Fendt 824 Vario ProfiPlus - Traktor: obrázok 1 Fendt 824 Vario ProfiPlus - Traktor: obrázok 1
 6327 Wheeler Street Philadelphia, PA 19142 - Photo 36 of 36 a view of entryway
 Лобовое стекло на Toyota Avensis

════

■ What you are asked to do: The line with "6327 Wheeler Street" and all lines after it through the end of the data above: write these out exactly and add nothing.

■ Task answer:
 6327 Wheeler Street Philadelphia, PA 19142 - Photo 36 of 36 a view of entryway
 Лобовое стекло на Toyota Avensis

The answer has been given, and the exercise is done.